C++ wouldn't be a good pick for the kind of pick-up-and-mod style that games want these days. As a separate SDK, hells yes, but not for general purpose modding. Anyway no one wants to pick through a bunch of pointers just to figure out what the heck is going on!
I did like the Lua suggestion. That's a handy dandy little language, and a damn sight more friendly than Python.
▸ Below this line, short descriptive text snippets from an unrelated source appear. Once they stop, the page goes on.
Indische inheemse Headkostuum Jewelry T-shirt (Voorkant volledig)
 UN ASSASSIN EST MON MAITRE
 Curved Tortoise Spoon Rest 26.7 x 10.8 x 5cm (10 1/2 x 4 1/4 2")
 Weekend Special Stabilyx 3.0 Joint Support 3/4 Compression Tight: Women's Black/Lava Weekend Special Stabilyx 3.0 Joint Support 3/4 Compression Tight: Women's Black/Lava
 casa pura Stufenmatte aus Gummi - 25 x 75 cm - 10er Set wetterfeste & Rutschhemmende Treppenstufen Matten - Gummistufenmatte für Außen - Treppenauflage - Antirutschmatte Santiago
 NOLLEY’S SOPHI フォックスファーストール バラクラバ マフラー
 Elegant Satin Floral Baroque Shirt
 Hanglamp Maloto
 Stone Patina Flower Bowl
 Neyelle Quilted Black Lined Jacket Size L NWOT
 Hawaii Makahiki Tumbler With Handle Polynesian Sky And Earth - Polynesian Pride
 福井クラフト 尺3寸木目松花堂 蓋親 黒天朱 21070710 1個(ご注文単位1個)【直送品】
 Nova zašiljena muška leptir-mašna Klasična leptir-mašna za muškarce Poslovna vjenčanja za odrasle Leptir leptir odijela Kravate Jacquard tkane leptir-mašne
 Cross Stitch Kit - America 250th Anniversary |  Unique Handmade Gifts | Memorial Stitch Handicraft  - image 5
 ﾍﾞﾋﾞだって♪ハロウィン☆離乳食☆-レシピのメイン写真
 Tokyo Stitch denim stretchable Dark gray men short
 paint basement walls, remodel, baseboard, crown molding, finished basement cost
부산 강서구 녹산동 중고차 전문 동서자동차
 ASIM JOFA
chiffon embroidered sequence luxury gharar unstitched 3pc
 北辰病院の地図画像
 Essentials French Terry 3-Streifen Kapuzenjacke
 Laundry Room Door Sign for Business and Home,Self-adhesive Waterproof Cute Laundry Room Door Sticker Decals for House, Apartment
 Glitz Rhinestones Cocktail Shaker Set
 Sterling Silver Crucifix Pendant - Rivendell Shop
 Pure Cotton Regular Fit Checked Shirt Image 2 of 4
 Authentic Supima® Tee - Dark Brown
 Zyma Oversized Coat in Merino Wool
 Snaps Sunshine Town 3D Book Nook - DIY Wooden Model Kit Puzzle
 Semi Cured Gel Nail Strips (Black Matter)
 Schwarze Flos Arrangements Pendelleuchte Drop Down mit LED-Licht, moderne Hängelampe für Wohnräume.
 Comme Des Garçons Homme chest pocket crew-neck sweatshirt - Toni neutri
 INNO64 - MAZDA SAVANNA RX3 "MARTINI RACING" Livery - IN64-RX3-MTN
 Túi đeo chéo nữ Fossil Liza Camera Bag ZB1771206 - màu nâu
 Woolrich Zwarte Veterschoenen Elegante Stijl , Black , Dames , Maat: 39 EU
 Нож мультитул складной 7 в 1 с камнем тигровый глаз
Plus the grammer isn't full of unusual choices for standard operations.
I mean, even if you've never programmed a day in your life, you'll be able to puzzle it out pretty quickly:
function get_all_factors(number) --[[-- Gets all of the factors of a given number @Parameter: number The number to find the factors of @Returns: A table of factors of the number --]]-- local factors = {} for possible_factor=1, math.sqrt(number), 1 do local remainder = number%possible_factor if remainder == 0 then local factor, factor_pair = possible_factor, number/possible_factor table.insert(factors, factor) if factor ~= factor_pair then table.insert(factors, factor_pair) end end end table.sort(factors) return factors end --The Meaning of the Universe is 42. Let's find all of the factors driving the Universe. the_universe = 42 factors_of_the_universe = get_all_factors(the_universe) --Print out each factor print("Count", "The Factors of Life, the Universe, and Everything") table.foreach(factors_of_the_universe, print)
I mean, this is pretty easy to understand.